Global PE posts record buyout value in Q2 thanks to TMT, pharma

Increasing cooperation between global PE players is pushing up price tags

Global PE activity has gone from strength to strength in 2021, with total value in Q2 overtaking the previous record high achieved in the first quarter of 2021.

The value of PE deals reached US$571.6 billion in Q2 2021—an 18% rise compared to the previous quarter and a new quarterly high for Mergermarket record (since 2006). The number of deals dropped by 9% (to 1,763) compared to the prior quarter—but this still represents an 90% year-on-year increase compared to Q2 2020.

Buyout activity has been a particular highlight. With US$418.4 billion in deals announced, Q2 inked the highest quarterly deal value on Mergermarket record, overtaking the US$363.9 billion achieved in Q2 2007. A deal volume of 1,157, meanwhile, represents a 15% drop compared to Q1’s record activity, thanks to the predominance of big-ticket transactions.

SPAC boom powers TMT

The technology, media and telecoms (TMT) sector attracted the largest deal value and volume across all sectors, with 674 deals worth US$194.1 billion announced. This represented a slight drop in volume on the previous quarter’s 700 deals, but an uptick of 3% in value.

The largest TMT PE deal in Q2 was the acquisition of ride-hailing firm Grab by US-based SPAC Altimeter Growth. The US$34.7 billion deal saw PIPE investment from a number of investors, including BlackRock, Counterpoint Global and T. Rowe Price.

SPACs are gaining popularity among global PE funds as an efficient tool to deliver value. As a coinvestment vehicle, they enable sponsors to do side-by-side transactions with less leverage and more equity than traditional deals.
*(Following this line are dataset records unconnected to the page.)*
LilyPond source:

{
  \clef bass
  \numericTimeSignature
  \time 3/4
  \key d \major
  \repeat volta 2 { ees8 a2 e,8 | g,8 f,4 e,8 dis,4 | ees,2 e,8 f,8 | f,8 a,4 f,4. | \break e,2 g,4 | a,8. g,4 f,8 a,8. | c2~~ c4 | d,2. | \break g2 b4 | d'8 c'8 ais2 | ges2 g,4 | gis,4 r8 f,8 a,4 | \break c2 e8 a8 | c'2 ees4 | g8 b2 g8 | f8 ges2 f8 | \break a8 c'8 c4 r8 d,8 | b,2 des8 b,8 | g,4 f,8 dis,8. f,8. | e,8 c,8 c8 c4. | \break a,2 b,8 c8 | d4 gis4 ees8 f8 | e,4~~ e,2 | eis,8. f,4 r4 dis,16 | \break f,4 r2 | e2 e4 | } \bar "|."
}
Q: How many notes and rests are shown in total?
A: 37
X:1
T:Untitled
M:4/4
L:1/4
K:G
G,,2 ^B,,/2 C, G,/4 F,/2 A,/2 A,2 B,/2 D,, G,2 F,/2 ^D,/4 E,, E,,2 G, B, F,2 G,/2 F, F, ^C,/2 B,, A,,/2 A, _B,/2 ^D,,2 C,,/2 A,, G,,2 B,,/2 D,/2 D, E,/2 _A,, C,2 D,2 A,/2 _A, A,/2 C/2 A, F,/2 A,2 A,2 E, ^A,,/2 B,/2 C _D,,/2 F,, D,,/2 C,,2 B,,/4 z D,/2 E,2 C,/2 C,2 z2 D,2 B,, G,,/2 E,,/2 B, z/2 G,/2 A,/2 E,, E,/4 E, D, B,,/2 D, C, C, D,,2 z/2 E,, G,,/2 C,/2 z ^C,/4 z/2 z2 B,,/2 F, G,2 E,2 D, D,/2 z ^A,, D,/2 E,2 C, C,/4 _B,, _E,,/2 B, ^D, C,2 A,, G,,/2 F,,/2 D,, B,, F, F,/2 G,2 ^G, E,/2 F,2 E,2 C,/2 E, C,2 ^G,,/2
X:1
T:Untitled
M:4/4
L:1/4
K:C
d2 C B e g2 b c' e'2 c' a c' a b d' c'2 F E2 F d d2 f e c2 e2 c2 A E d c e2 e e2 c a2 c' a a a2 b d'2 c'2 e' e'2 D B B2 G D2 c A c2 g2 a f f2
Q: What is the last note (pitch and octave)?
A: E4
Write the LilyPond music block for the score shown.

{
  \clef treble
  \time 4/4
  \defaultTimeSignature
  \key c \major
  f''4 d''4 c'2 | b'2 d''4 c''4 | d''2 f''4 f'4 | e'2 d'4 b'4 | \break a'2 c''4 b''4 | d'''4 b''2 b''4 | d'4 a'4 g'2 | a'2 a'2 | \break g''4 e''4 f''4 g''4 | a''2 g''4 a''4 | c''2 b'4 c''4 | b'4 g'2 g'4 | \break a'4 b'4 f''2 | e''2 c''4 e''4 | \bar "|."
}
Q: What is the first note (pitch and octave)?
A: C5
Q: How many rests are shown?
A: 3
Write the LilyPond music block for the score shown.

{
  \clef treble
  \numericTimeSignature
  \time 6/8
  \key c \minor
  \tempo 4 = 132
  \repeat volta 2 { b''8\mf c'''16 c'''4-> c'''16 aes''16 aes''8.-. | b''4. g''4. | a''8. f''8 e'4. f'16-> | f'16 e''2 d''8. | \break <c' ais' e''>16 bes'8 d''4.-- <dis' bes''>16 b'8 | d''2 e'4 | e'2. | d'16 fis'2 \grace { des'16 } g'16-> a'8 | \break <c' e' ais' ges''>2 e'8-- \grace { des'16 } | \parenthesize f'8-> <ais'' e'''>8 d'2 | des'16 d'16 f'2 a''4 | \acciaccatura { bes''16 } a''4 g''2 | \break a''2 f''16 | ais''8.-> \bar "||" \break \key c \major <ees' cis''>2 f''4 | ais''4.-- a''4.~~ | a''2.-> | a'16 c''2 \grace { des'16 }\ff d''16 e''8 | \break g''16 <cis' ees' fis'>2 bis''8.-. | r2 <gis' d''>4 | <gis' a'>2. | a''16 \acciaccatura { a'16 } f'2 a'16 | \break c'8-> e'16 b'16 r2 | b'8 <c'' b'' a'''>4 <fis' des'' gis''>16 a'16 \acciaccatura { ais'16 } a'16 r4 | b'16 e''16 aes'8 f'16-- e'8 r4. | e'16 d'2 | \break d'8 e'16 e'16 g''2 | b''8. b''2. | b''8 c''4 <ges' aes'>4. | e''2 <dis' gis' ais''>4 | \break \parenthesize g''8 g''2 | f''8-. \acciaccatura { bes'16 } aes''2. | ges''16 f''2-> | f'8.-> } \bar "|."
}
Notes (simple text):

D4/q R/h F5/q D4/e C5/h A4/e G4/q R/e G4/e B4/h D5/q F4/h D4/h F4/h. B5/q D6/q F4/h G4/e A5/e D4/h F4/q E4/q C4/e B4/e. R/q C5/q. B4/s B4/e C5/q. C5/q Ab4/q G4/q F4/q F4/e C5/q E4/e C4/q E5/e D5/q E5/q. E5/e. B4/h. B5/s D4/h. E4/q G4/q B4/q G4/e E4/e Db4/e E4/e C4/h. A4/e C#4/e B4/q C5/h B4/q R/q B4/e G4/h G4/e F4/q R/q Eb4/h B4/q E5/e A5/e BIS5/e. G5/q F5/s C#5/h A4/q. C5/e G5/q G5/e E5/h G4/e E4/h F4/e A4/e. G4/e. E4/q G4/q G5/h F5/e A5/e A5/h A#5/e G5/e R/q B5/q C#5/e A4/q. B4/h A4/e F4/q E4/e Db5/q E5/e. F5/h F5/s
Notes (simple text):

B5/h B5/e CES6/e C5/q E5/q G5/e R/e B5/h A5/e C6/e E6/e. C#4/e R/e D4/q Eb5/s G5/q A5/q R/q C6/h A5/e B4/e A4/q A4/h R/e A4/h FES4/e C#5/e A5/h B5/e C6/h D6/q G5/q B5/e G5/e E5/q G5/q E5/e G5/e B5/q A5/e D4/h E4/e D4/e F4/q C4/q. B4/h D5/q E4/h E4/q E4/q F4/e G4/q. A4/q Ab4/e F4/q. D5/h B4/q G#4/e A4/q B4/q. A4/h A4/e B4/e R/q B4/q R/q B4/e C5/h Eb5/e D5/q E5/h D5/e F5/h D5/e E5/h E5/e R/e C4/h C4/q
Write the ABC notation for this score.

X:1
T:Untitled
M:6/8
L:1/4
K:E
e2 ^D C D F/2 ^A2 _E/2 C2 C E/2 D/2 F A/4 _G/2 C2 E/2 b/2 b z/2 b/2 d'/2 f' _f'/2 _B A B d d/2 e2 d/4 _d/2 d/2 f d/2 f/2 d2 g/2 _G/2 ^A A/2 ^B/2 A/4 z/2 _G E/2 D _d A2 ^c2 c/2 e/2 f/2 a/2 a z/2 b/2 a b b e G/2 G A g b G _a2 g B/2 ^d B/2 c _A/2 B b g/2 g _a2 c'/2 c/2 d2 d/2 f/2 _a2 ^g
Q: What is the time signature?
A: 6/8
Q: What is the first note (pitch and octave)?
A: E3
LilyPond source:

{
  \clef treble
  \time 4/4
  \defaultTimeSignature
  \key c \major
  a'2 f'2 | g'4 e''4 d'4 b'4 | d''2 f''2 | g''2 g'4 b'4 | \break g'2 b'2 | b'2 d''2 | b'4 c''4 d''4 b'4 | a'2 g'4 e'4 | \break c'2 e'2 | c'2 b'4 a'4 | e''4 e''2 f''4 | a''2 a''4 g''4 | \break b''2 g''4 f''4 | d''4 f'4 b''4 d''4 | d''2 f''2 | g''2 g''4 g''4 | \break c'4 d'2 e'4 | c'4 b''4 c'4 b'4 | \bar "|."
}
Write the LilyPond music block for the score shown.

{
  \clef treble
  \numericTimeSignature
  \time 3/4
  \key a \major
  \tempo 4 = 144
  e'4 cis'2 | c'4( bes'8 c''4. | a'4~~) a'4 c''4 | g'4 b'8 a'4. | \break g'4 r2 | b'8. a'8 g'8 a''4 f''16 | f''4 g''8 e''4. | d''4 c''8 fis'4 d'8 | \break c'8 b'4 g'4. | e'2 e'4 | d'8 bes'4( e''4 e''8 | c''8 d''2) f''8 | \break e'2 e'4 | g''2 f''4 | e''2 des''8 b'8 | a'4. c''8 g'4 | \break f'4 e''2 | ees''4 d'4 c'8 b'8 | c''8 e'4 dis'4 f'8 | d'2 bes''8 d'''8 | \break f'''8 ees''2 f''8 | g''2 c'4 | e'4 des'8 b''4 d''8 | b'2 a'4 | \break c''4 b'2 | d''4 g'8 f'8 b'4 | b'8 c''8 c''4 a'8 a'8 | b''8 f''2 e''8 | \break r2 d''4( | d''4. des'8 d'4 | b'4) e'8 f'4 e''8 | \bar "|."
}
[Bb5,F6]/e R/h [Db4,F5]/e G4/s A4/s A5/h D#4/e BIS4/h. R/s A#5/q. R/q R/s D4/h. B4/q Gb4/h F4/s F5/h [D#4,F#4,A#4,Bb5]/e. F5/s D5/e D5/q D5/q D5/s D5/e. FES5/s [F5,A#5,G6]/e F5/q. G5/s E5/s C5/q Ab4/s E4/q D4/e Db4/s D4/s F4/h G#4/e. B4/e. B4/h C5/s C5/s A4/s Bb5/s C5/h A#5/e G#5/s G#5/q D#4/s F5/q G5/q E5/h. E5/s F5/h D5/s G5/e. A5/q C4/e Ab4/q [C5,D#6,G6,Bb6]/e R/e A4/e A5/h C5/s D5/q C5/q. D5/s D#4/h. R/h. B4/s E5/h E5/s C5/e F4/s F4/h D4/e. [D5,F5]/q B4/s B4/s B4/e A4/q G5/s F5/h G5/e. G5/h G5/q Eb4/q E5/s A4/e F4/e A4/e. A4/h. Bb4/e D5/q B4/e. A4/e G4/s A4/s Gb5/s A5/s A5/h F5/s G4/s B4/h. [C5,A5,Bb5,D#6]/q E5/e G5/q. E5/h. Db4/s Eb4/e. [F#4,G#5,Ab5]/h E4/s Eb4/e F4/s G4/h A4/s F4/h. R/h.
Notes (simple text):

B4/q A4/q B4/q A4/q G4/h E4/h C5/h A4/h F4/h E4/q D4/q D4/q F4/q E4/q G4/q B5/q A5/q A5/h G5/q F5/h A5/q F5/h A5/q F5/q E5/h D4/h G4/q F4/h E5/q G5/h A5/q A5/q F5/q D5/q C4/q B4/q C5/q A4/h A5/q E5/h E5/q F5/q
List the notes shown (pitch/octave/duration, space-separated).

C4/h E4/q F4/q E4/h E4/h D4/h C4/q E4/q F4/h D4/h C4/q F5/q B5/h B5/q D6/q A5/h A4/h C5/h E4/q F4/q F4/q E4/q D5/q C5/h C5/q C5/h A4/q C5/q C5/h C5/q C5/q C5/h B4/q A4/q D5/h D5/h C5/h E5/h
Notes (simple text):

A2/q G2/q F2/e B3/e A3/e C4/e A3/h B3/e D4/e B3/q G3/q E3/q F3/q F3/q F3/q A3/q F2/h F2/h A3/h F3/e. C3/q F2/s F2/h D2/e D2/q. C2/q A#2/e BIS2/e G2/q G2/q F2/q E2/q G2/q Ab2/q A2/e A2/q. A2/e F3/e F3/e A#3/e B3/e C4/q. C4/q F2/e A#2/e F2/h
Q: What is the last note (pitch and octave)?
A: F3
The unique deal type also empowers sponsors to pursue larger transactions than they might be able to close without the advantages a SPAC brings to the deal.

US software deals ramp up

The software deal market was another high point for TMT activity, particularly within the US. Notable deals include US PE firm Thoma Bravo’s acquisition of California-based cybersecurity firm Proofpoint. The take-private deal, valued at US$11.3 billion, is among the largest private equity-backed software buyouts on record.

Cybersecurity has become an urgent priority for businesses following a rise in ransom attacks—where cybercriminals encrypt a company’s data and demand a fee to decrypt it—during the COVID pandemic. An increase in remote and flexible working is further exposing vulnerabilities to cyber crime.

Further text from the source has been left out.